I wouldn't want to share a home with a parent who was behaving like your mother.
Well she sounds extraordinarily depressed and I'd be encouraging her to go see her GP as well as encouraging her to get out and bout.
The thing is, if you hate it that much why live there? I can't imagine living at home now and every thing my parents do would piss me off. Whose house it you're living in?
I don't think she's being selfish I think she's no confidence and isI lonely.
Yes Solesource, she is, but this is very hard to live with. we are all still grieving for him.
This is what I mean shagmund freud, some people do so much to get on with things, I don't understand how things have come to this.
Ouch. That's all I can say. You have my every sympathy.
When you say you have to take her on holiday - what do you think would happen if you just said 'no' and left her behind?
We share the house 50/50. Dh and I pay all the bills now that she is retired.

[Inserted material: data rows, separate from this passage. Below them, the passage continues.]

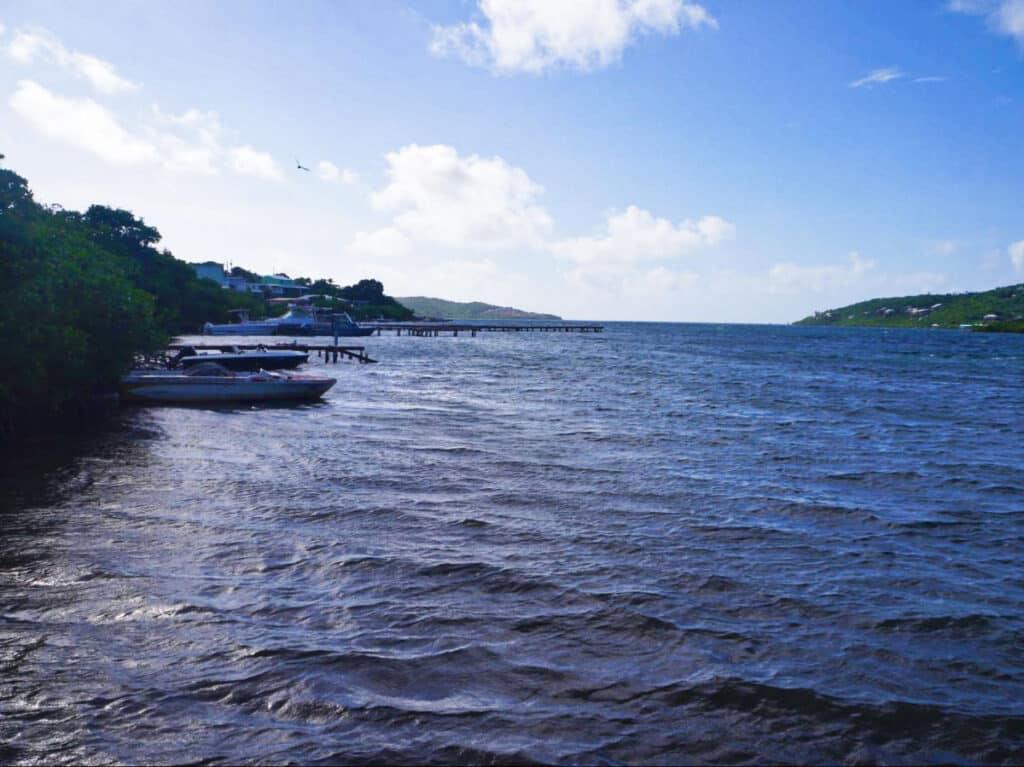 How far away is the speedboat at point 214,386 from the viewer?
31.6 metres

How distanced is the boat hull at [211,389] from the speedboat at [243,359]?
448 centimetres

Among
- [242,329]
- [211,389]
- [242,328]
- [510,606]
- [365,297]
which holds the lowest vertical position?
[510,606]

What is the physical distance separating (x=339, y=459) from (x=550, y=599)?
457 inches

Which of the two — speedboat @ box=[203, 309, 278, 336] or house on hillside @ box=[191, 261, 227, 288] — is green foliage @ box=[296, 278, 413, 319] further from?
speedboat @ box=[203, 309, 278, 336]

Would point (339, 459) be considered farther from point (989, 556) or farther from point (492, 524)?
point (989, 556)

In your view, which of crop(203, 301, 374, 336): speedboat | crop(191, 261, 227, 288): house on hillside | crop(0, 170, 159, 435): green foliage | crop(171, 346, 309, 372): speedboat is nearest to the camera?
crop(0, 170, 159, 435): green foliage

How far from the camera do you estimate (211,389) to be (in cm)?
3219

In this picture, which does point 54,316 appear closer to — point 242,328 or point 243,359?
point 243,359

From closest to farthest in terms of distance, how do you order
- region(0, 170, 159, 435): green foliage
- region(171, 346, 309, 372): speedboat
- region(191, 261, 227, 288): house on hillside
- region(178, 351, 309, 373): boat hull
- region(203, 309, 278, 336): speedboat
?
1. region(0, 170, 159, 435): green foliage
2. region(178, 351, 309, 373): boat hull
3. region(171, 346, 309, 372): speedboat
4. region(203, 309, 278, 336): speedboat
5. region(191, 261, 227, 288): house on hillside

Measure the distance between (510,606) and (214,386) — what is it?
86.9ft

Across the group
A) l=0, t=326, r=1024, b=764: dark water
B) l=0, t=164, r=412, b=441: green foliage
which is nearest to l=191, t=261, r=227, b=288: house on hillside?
l=0, t=164, r=412, b=441: green foliage

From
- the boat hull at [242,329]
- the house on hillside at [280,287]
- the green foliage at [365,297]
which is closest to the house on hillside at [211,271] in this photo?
the house on hillside at [280,287]

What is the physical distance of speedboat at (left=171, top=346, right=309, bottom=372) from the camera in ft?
127

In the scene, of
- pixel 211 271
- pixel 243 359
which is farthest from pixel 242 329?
A: pixel 243 359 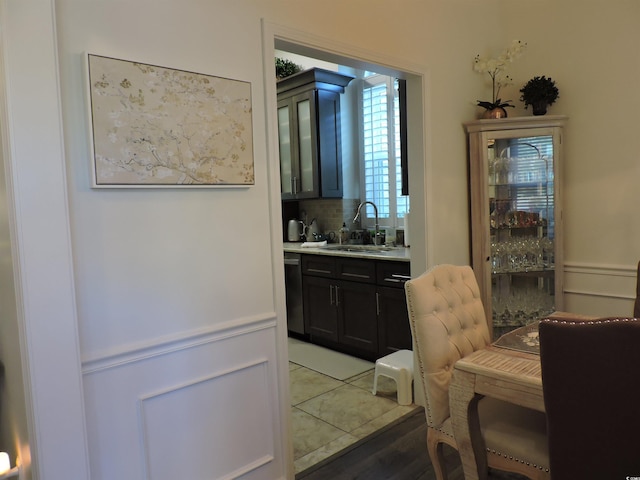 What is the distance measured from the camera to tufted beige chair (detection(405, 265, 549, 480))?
1.68m

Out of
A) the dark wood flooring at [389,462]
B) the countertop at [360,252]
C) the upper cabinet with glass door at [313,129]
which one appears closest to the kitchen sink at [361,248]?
the countertop at [360,252]

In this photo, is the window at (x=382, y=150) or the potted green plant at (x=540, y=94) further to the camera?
the window at (x=382, y=150)

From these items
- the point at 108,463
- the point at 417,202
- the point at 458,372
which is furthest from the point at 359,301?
the point at 108,463

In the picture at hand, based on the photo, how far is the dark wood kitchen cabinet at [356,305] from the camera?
11.7 feet

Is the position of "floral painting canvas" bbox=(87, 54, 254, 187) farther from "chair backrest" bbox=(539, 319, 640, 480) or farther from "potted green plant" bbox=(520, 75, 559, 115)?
"potted green plant" bbox=(520, 75, 559, 115)

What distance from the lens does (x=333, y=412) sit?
301 cm

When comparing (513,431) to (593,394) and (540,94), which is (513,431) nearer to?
(593,394)

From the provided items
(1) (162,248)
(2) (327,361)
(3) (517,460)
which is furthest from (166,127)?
(2) (327,361)

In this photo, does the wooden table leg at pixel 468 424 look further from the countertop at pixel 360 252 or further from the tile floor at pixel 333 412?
the countertop at pixel 360 252

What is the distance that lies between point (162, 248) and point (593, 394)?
148 cm

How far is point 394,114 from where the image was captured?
4.47 metres

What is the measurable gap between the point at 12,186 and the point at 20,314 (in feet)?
1.31

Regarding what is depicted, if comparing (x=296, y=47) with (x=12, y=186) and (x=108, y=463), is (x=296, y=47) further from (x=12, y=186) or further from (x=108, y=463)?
(x=108, y=463)

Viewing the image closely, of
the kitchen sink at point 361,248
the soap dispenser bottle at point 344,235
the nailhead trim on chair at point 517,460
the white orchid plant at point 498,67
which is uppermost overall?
the white orchid plant at point 498,67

It is a fair size house, we have our own living rooms etc... It wasn't a problem before.
She is lonely as she misses my Dad, but she is fortunate that she doesn't have to live alone, many people do.
It does sound like a difficult situation.
Has your mum always let you share the family home, though? That could swing the balance of expectations for her. If she feels that she has supported you through your married life, she may be expecting you to do the same for her now.
pictish, she would probably make us feel very guilty because we always take her. She also falls sometimes, so there would be nobody to pick her up. She drinks heavily.
She does sound very depressed.
Are there any activities nearby she could join in with? Clubs? Somewhere she could meet some friends of her own age?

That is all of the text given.